BRIEF - Every line holding the word "Garden" should be copied from the material.

DATA FOR THIS TASK -

BEGIN

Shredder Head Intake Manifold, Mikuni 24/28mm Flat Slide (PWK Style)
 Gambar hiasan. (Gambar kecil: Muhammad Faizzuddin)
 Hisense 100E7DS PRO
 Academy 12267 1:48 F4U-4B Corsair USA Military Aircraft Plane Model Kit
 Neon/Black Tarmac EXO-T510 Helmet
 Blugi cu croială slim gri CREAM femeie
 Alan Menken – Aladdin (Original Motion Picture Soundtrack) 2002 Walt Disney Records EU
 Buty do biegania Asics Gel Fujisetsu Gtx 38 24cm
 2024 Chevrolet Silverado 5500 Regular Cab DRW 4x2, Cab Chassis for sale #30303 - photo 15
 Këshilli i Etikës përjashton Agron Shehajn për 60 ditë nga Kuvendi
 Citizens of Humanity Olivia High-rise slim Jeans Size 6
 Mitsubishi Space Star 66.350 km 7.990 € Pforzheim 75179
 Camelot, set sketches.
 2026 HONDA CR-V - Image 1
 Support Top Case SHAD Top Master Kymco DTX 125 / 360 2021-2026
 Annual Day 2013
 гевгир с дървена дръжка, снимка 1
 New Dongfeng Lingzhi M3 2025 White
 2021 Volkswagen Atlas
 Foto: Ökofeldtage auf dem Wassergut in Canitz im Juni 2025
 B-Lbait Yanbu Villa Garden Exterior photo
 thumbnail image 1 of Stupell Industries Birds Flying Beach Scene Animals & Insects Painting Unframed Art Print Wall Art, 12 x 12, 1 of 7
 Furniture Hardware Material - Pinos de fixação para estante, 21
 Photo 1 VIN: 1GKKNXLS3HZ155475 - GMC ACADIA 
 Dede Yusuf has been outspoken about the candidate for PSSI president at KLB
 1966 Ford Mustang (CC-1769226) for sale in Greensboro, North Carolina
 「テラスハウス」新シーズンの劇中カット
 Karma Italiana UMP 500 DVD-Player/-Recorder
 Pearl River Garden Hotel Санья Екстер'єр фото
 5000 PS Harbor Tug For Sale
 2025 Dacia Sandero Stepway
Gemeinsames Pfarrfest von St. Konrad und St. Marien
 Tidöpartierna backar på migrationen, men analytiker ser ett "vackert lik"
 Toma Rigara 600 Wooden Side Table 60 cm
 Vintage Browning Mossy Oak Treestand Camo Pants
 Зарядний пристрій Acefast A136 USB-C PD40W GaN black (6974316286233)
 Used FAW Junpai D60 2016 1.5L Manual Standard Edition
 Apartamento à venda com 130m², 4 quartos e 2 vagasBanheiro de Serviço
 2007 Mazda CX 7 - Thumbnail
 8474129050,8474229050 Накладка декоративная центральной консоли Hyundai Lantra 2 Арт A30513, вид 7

END

REPLY -
 B-Lbait Yanbu Villa Garden Exterior photo
 Pearl River Garden Hotel Санья Екстер'єр фото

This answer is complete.